Bonne copie du lycée : 63 - Clermont-Ferrand - XXXX

Cette copie a été notée : 15 / 20

Commentaire du professeur : reflexion animée d'un bon mouvement et bien argumentée. Une 3ème partie très intéressante (à developper d'ailleurs). C'est fort encourageant pour les concours.


" Chacun fait ce qu'il se fait veut ", " tous les hommes naissent libres "… Notre société regorge d'expression clamant le droit à la liberté d'agir, de penser et donc de représenter et de se représenter. Et nous disposons de plus en plus de supports pour la représentation artistique notamment : l'art moderne et ses techniques par exemple. Cependant, la simple existence de religions iconoclastes suffit à nous montrer qu'au moins pour certaines civilisations, tout n'est pas représenté ni même représentable, soit parce que la représentation est illégitime, soit parce qu'elle est irréalisable techniquement. S'il existe effectivement de l'irreprésenté, existe t-il objectivement de l'irreprésentable ? Et si oui, quels sont les objets d' " irreprésentation " concernés ? Quelles en sont les conséquences ?

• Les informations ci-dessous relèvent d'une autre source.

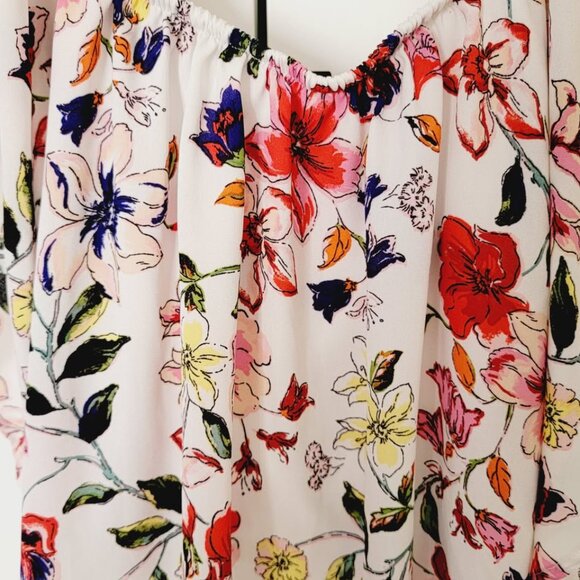 Rue 21 LARGE JUNIORS COLORFUL FLORAL PRINT STRAPLESS Stretch Panel - Picture 5 of 10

A priori, il nous semble que tout puisse être représentable, c'est-à-dire être objet de représentation, que tout puisse être plus ou moins bien " remplacé " ou évoqué par une imitation, un duplicata ressemblant ou non. En effet, si l'on définit le terme " représenter " par rendre présent quelque chose d'absent en l'évoquant, ou donner quelque chose à voir, alors on ne voit pas ce qui ne pourrait entre objet de représentation. On peut représenter jusqu'à l'inavouable, l'ineffable : la représentation littéraire l'a prouvé avec l'exemple de Franz Kafka notamment puisque ce dernier représente même ses désirs incestueux dans la Métamorphose. Même ce qui est irréel, fantastique… peut donc être représenté grâce à la puissance de notre imagination, et les représentations artistiques non figuratives dites " abstraites " en sont une illustration : apparemment tout est imaginable et représentable. Cependant cette théorie naïve est insatisfaisante puisque s'il est clair que pour exister, la connaissance nécessite des représentations de tout, pourquoi alors Dieu, le monde restent-ils des mystères ? C'est sans doute parce que nos représentations sont mauvaises ou parce que les objets représentés ne sont pas représentables.
Apparaît alors une difficulté : comment peut-on être sûr du caractère représentatif de nos représentations ? Pour en être sûr, il faudrait pouvoir prendre nos distances par rapport à la représentation et juger, ce qui est impossible. Nous supposons donc que nos représentations sont représentatives, c'est-à-dire qu'elles ne trahissent pas l'objet, mais cela sans aucune certitude. De plus, la représentation comporte une limite absolue, c'est qu'elle ne peut accéder à partir d'elle-même à ce qui la transcende, c'est-à-dire l'existence. En effet, l'imagination n'est pas suffisamment puissante pour permettre de représenter les objets qui n'existent pas encore : je me représente une réalité seulement après que cette réalité est apparue, c'est donc que je ne peux pas techniquement tout représenter.
A l'issue de cette première partie, il apparaît donc un au-delà de la représentation qui concerne les objets pas encore inventés par exemple. Cette existence non-apparente a priori est due à une meilleure approche de la notion de représentation. Par ailleurs, comme l'affirme Descartes, représenter ne signifie pas concevoir. En effet, j'arrive à concevoir un chiliogone (polygone à mille côtés), mais son image reste confuse en moi, elle est même identique à celle du myriogone (polygone à un million de côtés) : ce n'est pas une vraie représentation, mais plutôt une sorte de non-représentation excédant ma puissance représentative. Il existe donc un au-delà du représentable : cet irreprésentable n'est pas dû à une interdiction morale ni religieuse, il est technique et donc incontestable. Voyons dans une deuxième partie en quoi il consiste.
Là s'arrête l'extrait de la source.